- Status: Active
- Genre: Supercar show and luxury fair
- Frequency: Annually
- Venue: Grimaldi Forum
- Location(s): 10 Avenue Princesse Grace 98000 Monaco
- Coordinates: 43°44′37″N 7°25′54″E﻿ / ﻿43.74361°N 7.43167°E
- Country: Monaco
- Years active: 2004–present
- Inaugurated: April 22, 2004–April 25, 2004
- Founders: Lawrie Lewis, Manoj Bairstow
- Most recent: May 30, 2019–June 3, 2019
- Next event: May 7, 2025–May 11, 2025
- Attendance: 35,000 (2014)
- Patron(s): Albert II, Prince of Monaco
- Website: topmarquesmonaco.com

= Top Marques Monaco =

Annual exhibition in Monte Carlo

Top Marques Monaco is an event that takes place annually at the Grimaldi Forum in the principality of Monaco. It features exhibitions by numerous purveyors of luxury aircraft, automobile, boat, watches, jewellery etc. A quarter of the event's ticket sales are donated to Monaco Aide et Présence, a charity established by Monaco's reigning Prince Albert.

== 2010 ==
Sales during the event totalled US$600 million (446 million euros). The entrance fee was 50 euros.

== 2011 ==
At the four-day 2011 event, there were 42 automotive manufacturers exhibiting luxury vehicles, 13 manufacturers exhibiting luxury yachts and other boats, and 26 jewelry manufacturers exhibiting watches. Exhibitors included Bugatti, Dartz, Exagon Engineering, Gillet, GTA Motor, Koenigsegg, Noble Automotive, Pagani, and Peraves.
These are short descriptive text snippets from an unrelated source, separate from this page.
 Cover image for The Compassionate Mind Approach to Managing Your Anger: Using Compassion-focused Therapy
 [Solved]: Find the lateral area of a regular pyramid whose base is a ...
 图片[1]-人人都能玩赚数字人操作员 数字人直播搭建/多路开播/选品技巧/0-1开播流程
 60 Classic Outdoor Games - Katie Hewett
Six cars made their European debuts, including the Conquest Knight XV SUV and the Keating ZKR. A hundred cars were on display, of which more than two dozen were available for test drives. The entrance fee was 50 euros. Attendance was 33,000 people from twelve countries.

== 2013 ==
The four-day 2013 Top Marques Monaco featured six supercar debuts, including ABT Sportsline, Hamann Motorsport, Mansory, and MTM, and exhibitions by over 150 companies. Supercars on display included the GTA Spano, the Gumpert Apollo, the Koenigsegg Hundra, the Mazzanti Evantra, the Noble Automotive M600, the Roding Automobile Roadster, the Savage Rivale, the Soleil Motors Anadi, and the Vencer Sarthe. Other exhibitors included Aston Martin, Bentley, Ferrari, Fisker, Jaguar, Lamborghini, Pagani, Rolls-Royce, Ronn Motor Company, Vintech, and Wiesmann.

== 2014 ==
Running from 17–20 April, 2014's Top Marques Monaco was attended by Prince Albert of Monaco, Loris Capirossi, and a total of more than 35,000 other attendees. Vehicles premiered included David Brown Automotive's Speedback, Energica Motor Company's Ego 45 motorcycle, NanoFlowcell's Quant e-Sportlimousine, and W Motors's Lykan HyperSport. Other vehicles on display included cars manufactured by Aston Martin, Audi, BMW, Bugatti, Ferrari, Hamann Motorsport, Mazzanti Automobili, Mercedes-Benz, Pagani, Porsche, Tesla Motors, and Zenvo; and the Energica Motor Company's Eco, Forza·G's Icaro and Demonio, and Mando's Footloose e-bicycles. VIP ticket-holders had the opportunity to use a 3D virtual studio to try their hands at designing a supercar. Other exhibitors had jet-propelled hovercraft and powered surfboards on display. The entrance fee was 50 euros.

== 2015 ==
Automotive exhibitors included BMW, Ferrari, Lamborghini, McLaren, Mercedes, Nimrod Performance, Porsche, Tesla and Zenvo. Larte Design's Tesla Model S and Toroidion's 1MW had their world premieres there, as did the AeroMobil 3.0, a Slovakian-made road-legal vehicle that transforms into a light aircraft.

== 2016 ==
The theme of Top Marques Monaco 2016 was James Bond; supercars from the film Spectre, as well as an Aston Martin DB5 as seen in Goldfinger, were on display along with props from the franchise.

== 2017 ==
AeroMobil s.r.o. unveiled the production model of its AeroMobil flying car, announcing that it would begin taking pre-orders for the vehicle before the end of 2017. Other exhibitors, including Donkervoort D8 GTO-RS, Vanda Dendrobium, and Calafiore C10 had their world premieres. The Jean Boulle Luxury Group announced that its patent-pending luxury diamond finish technology had been applied to a classic Pininfarina-styled Bentley, the Bentley Azure exhibited that year. The Boulle Luxury Bentley Azure was unveiled by Albert II, Prince of Monaco on 20 April at the official opening of Top Marques 2017.